One subject of Islam that is constantly under attack from its critics is the preservation of the Qur’an. Muslims are proud to state that the Qur’an is completely intact, as Allah has promised to protect it from any changes. There have been many failed attempts by skeptics to prove that the Qur’an is not in its original form. They often jump at any opportunity to prove this point because it is essential to their argumentation to refute the most important aspect of Islam – its miraculous Noble Book. One such claim that has appeared has to do with a statement of Ibn ‘Umar, one of the Companions who was very knowledgeable about the Qur’an. It was misconstrued by some to mean that “much of the Qur’an is lost,” but this is not what it means at all. This article will explain this mistranslation of Ibn ‘Umar’s statement and provide a reason why this statement does mean what the critics of Islam want to make it appear to mean.

1.  Introduction

The critics of Islam take much of their inspiration from Orientalists of the past, some sincere (but mistaken) while others had destructive agendas. Some of these missionaries have lacked the desire and sincerity to look at Islam from a neutral point of view. In an attempt to delegitimize Islam, they have often dealt with translations (since they cannot understand the source language) which are often inaccurate and do not encompass the full meaning of the original text in Arabic. Despite their claim that the Qur’an has not been perfectly preserved, we will show beyond the shadow of a doubt Allah has protected the Qur’an as promised:

إِنَّا نَحْنُ نَزَّلْنَا الذِّكْرَ وَإِنَّا لَهُ لَحَافِظُون

“Verily, We have revealed the Reminder (the Quran) and We will assuredly guard it (from corruption).”[1]

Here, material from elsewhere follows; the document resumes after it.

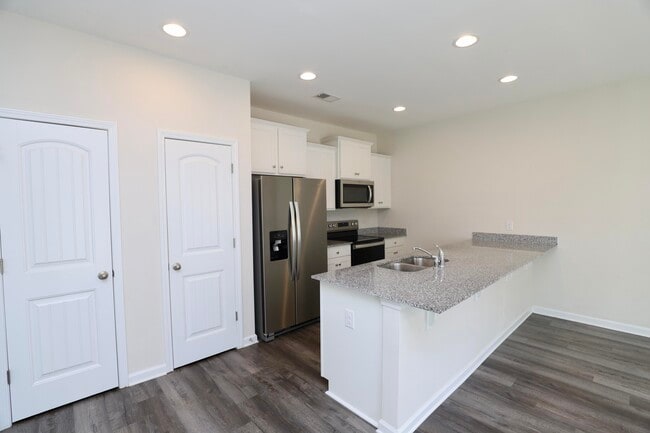 Building Photo - 1854 Gabriel Ln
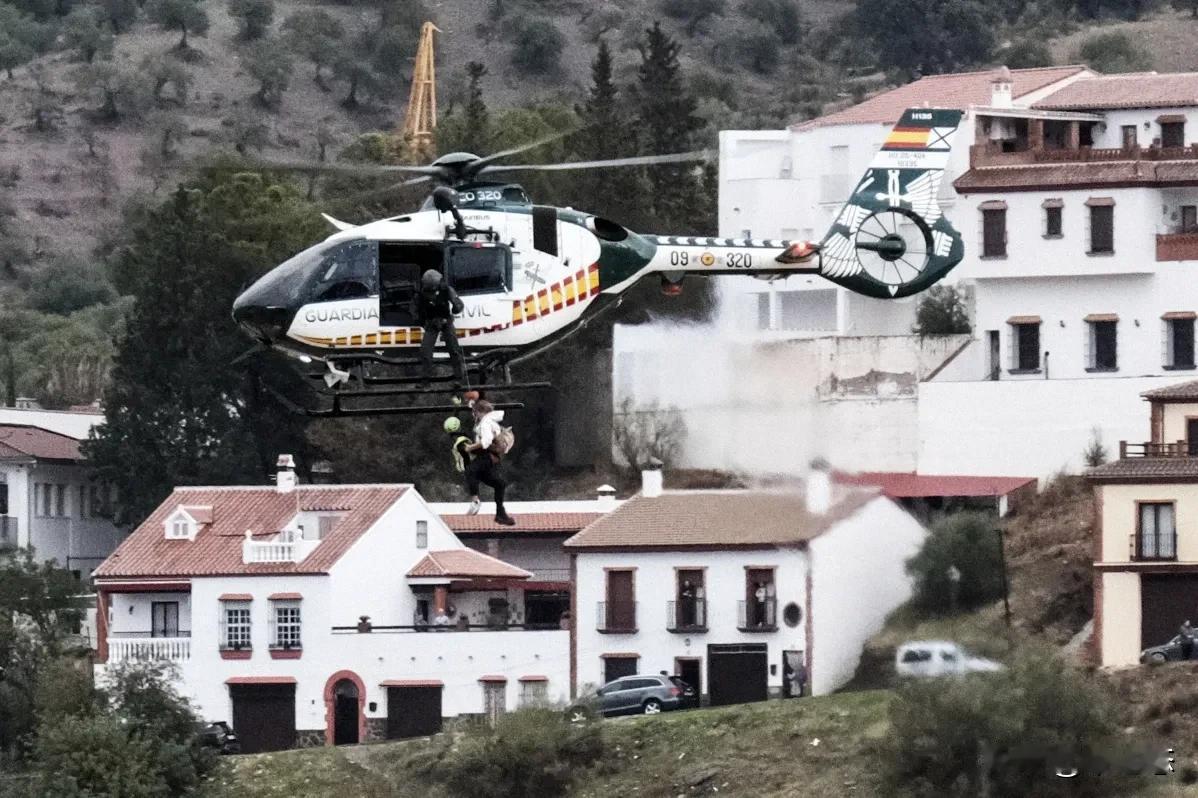 西班牙爆发山洪，致数人失踪

山洪暴发席卷村庄街道，扰乱了西班牙东部和南部大片地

A narration from ‘Abdullah bin ‘Umar quoted by Hafidh as-Suyuti (d. 911 A.H.) in his al-Itiqan fee ‘Uloom al-Qur’an has become a source of joy for some of these skeptics.

One critic of Islam translates this narration as the following:

‘Abdullah bin ‘Umar reportedly said: “Let none of you say, ‘I have got the whole of the Qur’an.’ How does he know what all of it is? MUCH OF THE QUR’AN IS GONE. Let him say instead, ‘I have got what has survived.’”[2]

Not only are the meanings that these critics try to superimpose on this narration totally wrong, but this translation is also misleading. We shall first clarify the real meaning of this narration and then give its rightful translation supported with due reasoning.

2- The true meanings of the narration

To every ardent student of the Qur’anic sciences it is known that there were many verses first revealed as part of the Qur’an and later abrogated.

As-Suyuti brings this narration in the section of his work titled as, “Section forty-seven: About the Abrogating and the Abrogated.”[3]

Likewise it is in the section about abrogation in another work of as-Suyuti.[4]

In Abu ‘Ubayd’s (d. 228 A.H.) work, from which as-Suyuti quotes this, it is the first narration in the chapter titled, “[About] what all was abrogated from the Qur’an after revelation and is not put in the Masahif.”[5]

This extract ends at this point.